You could, I fussed around with timers and dosing at certain times at first, but when my timer settings failed I found it doesnt seem to matter if it was tuned off, as long as if I dosed daily. Turning off the UV for a short time on a very regular basis like that still reduces effectiveness and increases the frequency of cleaning needed as biofilm grows very quickly on the quartz sleeve (and other microbes in the water). When you turn the UV back on they will be killed stuck to the quartz sleeve, or floating in the water, so personally I now think it's best to use it 24/7 if at all.

DTPA is still affected by UV, possibly less so than EDTA (but I'm not sure). If your going as far as using fancier chelators this is maybe be a good reason not to use UV.



> Fluval makes a UV Filter that uses a non-replaceable CCFL bulb and an easy to use timer built in. It has a 2 year repair or replacement warranty. What do you think of it? This is what I was planning to add to the output of a Fluval 407 on a 49 gallon tank...


Hmm, a non-replaceable bulb in 2022 lol. I guess that makes sense for Hagen as they dont make the bulbs so can't sell them directly...our poor planet though. Kinda sceptical about the claim about CCFLs being useful 3x as long as traditional UVC  CFLs too, having used CCFLs in DIY lighting over aquariums before. It's only 3w, and seems to be marketed to fit into an existing external filter loop - which would mean a high flow rate reducing effectivness. Also it's quite compact, and I've not seen the internal design, but I'm guessing dwell time is quite low.

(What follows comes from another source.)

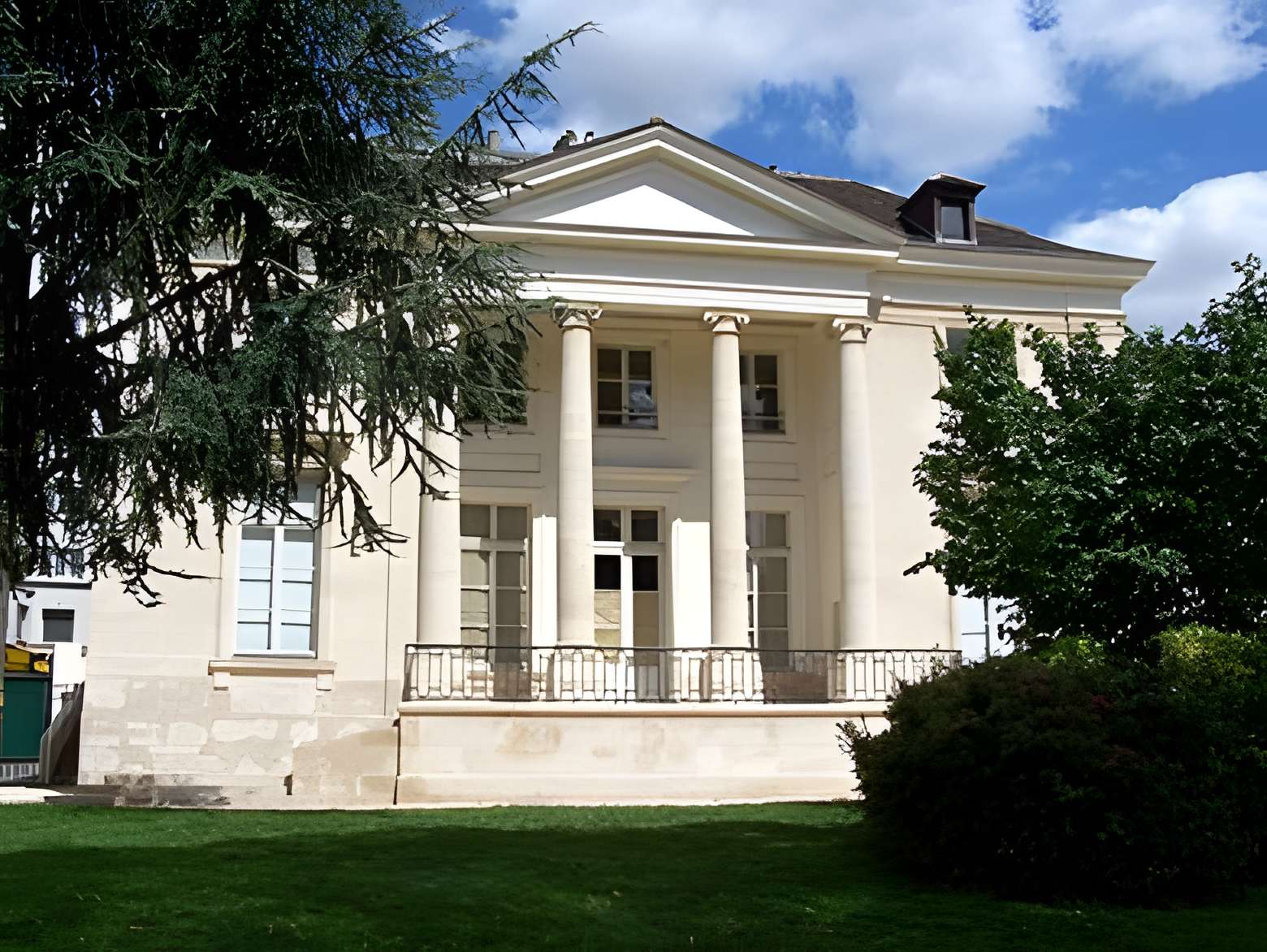 Pavillon Carré de Baudouin à Paris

So maybe useful for preventing/clearing greenwater quickly when initially setting up a tank, but a waste of 3w long-term IMO. 3w could be spent on something more useful, like a wavemaker/airpump.

Could be very effective on a nano tank with a tiny filter, and more convenient than larger units.


----------



## _Maq_ (21 Oct 2022)

FISHnLAB said:


> Is Fe DTPA still effected by UV?


All marketed chelators are _organic_ compounds. As a rule, all organics are more or less subject to degradation when exposed to UV.
The question is whether you actually need _chelated_ micronutrients.


----------



## FISHnLAB (21 Oct 2022)

three-fingers said:


> You could, I fussed around with timers and dosing at certain times at first, but when my timer settings failed I found it doesnt seem to matter if it was tuned off, as long as if I dosed daily. Turning off the UV for a short time on a very regular basis like that still reduces effectiveness and increases the frequency of cleaning needed as biofilm grows very quickly on the quartz sleeve (and other microbes in the water). When you turn the UV back on they will be killed stuck to the quartz sleeve, or floating in the water, so personally I now think it's best to use it 24/7 if at all.

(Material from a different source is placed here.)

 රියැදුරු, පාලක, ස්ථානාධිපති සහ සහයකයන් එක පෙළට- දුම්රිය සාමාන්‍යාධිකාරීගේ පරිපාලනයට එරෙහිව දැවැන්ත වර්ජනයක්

Interesting, some stuff I didn't think about. Thanks.


three-fingers said:


> DTPA is still affected by UV, possibly less so than EDTA (but I'm not sure). If your going as far as using fancier chelators this is maybe be a good reason not to use UV.

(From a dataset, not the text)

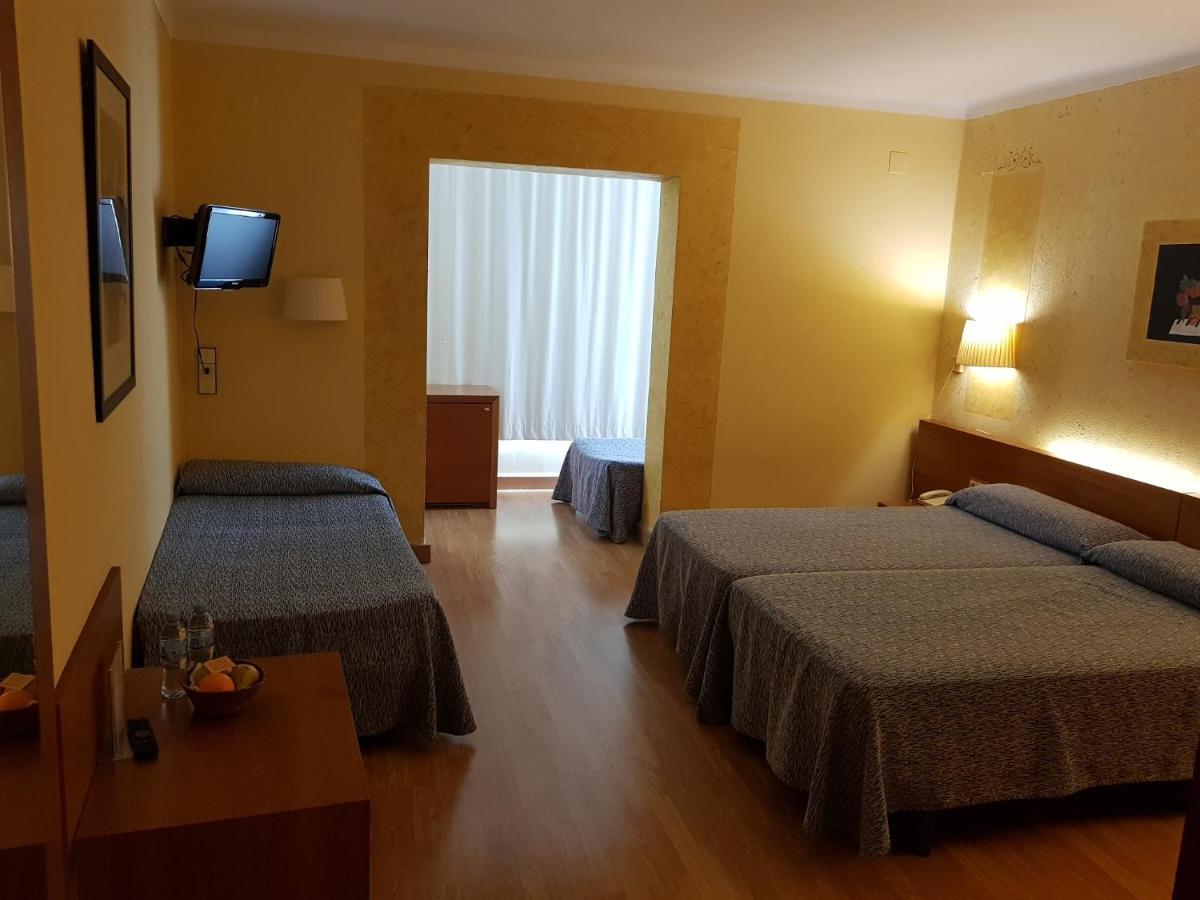 Checkin Trave Hotel Фигерас Екстериор снимка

Well, I just plan to use NilocG Thrive for the first year but, plan to have some DTPA or Ferrous Gluconate on hand for any signs of iron deficiencies. I was hoping to be able to use a UV Filter on this tank but, didn't know about it affecting certain micros.


three-fingers said:


> Hmm, a non-replaceable bulb in 2022 lol. I guess that makes sense for Hagen as they dont make the bulbs so can't sell them directly...our poor planet though.


Well, it has a 2 year repair/replacement warranty so one would be covered for 2 years at least. But yes, I think a replaceable design is better overall. That said, this has some features not found in other models.


three-fingers said:


> Kinda sceptical about the claim about CCFLs being useful 3x as long as traditional UVC  CFLs too, having used CCFLs in DIY lighting over aquariums before.


Yeah, can't say either way there but, again 2 year warranty at least so they must be somewhat confident in the longevity of their product.


three-fingers said:


> It's only 3w, and seems to be marketed to fit into an existing external filter loop - which would mean a high flow rate reducing effectivness. Also it's quite compact, and I've not seen the internal design, but I'm guessing dwell time is quite low.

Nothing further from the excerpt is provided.